Civil Action



Massachusetts lawyers have been warned to be polite. Lawyer joke? Nope. The Boston Bar Association is cracking down on the rudest of the rude.

“Rambo, take-no-prisoners tactics are inimical to clients' interests,” notes bar association president Michael Keating, who says hostility wastes time, disrupts attorney relations, and draws focus from the legal issues.

A bar association task force on incivility found that bad behavior permeates the legal profession. Yet the state Office of the Bar Counsel acts on only 3 to 5 of the 200 annual misconduct complaints it receives.
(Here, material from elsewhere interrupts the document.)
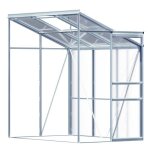 Serre de jardin paroi murale alu 190 x 122 x 202cm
Some of the cases the office has investigated are posted on its Web site. One, for example, recounts a Superior Court hearing at which a lawyer approached the opposing counsel after the proceeding and told him: “If you want discovery, you're going to get discovery up the ass.”

Robert Muldoon Jr., who cochaired the task force on incivility, says he's seen lawyers delay depositions by “erupting in real or simulated rage” on behalf of their clients, and even witnessed a fed-up judge hurl a file during a trial. “Young lawyers will defer to old pros who tell them they've been around for 30 years,” says Boston lawyer Lynne Riley, another member of the task force.

Keating says he also wants judges to start cracking down on the rudest of the state's rude attorneys. “Hopefully, judges will begin to write memoranda on uncivil behavior and even use more strict disciplinary measures,” he says.